=== WORK INSTRUCTION ===
Reproduce only the lines of the material below that start at the line containing "Woman with black" and stop at the line containing "Gruppenfoto von Rugby-Spielern". Keep both end lines.

=== EXERCISE DATA ===
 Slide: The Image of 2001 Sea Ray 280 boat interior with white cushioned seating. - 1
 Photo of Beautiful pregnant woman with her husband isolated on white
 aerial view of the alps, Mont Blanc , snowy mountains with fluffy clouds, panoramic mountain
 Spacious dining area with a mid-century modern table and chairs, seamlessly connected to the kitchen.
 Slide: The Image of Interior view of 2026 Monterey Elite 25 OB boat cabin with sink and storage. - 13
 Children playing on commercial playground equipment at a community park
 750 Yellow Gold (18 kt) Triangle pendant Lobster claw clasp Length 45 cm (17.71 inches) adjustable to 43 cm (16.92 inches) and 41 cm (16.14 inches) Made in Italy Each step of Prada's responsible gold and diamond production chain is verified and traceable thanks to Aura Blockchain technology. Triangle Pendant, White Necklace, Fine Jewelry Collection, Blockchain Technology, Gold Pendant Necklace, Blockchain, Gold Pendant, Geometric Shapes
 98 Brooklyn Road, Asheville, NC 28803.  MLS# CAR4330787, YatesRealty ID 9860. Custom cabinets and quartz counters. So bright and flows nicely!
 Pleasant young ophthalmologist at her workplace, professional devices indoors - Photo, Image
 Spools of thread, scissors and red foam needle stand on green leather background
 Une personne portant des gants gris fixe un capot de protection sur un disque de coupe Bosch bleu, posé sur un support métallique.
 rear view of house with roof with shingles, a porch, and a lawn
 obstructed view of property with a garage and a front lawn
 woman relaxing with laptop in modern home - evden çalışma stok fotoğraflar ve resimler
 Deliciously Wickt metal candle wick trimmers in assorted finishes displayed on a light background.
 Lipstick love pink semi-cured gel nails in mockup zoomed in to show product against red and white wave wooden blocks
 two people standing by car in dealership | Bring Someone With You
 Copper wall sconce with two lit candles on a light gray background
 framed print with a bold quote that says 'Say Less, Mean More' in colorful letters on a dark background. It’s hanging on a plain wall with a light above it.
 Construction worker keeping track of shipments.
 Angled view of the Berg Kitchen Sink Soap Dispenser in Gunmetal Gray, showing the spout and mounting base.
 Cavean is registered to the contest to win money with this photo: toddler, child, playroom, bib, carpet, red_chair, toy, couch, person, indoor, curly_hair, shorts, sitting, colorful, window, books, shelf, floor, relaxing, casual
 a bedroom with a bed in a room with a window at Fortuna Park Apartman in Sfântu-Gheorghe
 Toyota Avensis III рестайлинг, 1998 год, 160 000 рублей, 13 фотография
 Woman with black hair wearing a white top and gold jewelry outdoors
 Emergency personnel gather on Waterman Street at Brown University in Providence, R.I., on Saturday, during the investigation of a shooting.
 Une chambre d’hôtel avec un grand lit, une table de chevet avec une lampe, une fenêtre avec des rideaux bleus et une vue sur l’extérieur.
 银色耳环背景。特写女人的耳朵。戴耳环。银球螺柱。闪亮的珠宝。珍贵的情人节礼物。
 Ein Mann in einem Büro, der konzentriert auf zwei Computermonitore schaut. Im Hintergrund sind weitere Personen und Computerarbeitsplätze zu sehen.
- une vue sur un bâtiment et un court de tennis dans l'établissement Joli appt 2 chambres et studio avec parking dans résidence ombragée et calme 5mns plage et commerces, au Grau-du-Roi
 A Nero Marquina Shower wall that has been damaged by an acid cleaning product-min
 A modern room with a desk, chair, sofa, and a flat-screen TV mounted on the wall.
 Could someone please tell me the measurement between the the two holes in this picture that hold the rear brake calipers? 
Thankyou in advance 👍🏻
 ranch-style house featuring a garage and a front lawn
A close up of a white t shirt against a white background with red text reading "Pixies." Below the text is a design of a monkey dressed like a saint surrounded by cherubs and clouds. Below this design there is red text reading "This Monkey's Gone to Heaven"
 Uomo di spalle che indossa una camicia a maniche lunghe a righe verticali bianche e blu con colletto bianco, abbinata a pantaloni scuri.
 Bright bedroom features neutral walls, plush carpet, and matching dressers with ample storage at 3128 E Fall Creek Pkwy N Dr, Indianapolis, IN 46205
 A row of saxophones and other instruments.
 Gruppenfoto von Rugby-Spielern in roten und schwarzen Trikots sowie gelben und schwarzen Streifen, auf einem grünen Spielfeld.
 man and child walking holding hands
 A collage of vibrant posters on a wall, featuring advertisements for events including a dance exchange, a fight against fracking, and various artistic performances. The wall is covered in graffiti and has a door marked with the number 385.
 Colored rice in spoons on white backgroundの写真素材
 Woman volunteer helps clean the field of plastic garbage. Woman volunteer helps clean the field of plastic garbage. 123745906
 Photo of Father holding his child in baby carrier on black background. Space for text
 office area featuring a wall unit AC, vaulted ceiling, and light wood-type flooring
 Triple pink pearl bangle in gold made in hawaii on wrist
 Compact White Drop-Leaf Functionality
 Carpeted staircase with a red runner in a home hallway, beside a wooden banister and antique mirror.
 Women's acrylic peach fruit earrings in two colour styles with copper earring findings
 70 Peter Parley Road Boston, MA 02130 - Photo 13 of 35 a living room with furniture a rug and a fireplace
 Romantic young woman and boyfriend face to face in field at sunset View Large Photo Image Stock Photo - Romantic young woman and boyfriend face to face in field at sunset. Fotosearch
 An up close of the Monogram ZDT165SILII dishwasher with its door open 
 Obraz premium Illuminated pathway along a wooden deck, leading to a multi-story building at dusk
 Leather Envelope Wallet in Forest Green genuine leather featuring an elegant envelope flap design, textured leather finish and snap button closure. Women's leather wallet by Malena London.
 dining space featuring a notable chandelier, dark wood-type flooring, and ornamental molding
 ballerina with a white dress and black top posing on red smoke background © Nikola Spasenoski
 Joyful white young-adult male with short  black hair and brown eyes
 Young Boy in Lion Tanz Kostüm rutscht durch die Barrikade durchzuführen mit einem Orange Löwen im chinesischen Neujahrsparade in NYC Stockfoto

=== ANSWER TO THIS EXERCISE ===
 Woman with black hair wearing a white top and gold jewelry outdoors
 Emergency personnel gather on Waterman Street at Brown University in Providence, R.I., on Saturday, during the investigation of a shooting.
 Une chambre d’hôtel avec un grand lit, une table de chevet avec une lampe, une fenêtre avec des rideaux bleus et une vue sur l’extérieur.
 银色耳环背景。特写女人的耳朵。戴耳环。银球螺柱。闪亮的珠宝。珍贵的情人节礼物。
 Ein Mann in einem Büro, der konzentriert auf zwei Computermonitore schaut. Im Hintergrund sind weitere Personen und Computerarbeitsplätze zu sehen.
- une vue sur un bâtiment et un court de tennis dans l'établissement Joli appt 2 chambres et studio avec parking dans résidence ombragée et calme 5mns plage et commerces, au Grau-du-Roi
 A Nero Marquina Shower wall that has been damaged by an acid cleaning product-min
 A modern room with a desk, chair, sofa, and a flat-screen TV mounted on the wall.
 Could someone please tell me the measurement between the the two holes in this picture that hold the rear brake calipers? 
Thankyou in advance 👍🏻
 ranch-style house featuring a garage and a front lawn
A close up of a white t shirt against a white background with red text reading "Pixies." Below the text is a design of a monkey dressed like a saint surrounded by cherubs and clouds. Below this design there is red text reading "This Monkey's Gone to Heaven"
 Uomo di spalle che indossa una camicia a maniche lunghe a righe verticali bianche e blu con colletto bianco, abbinata a pantaloni scuri.
 Bright bedroom features neutral walls, plush carpet, and matching dressers with ample storage at 3128 E Fall Creek Pkwy N Dr, Indianapolis, IN 46205
 A row of saxophones and other instruments.
 Gruppenfoto von Rugby-Spielern in roten und schwarzen Trikots sowie gelben und schwarzen Streifen, auf einem grünen Spielfeld.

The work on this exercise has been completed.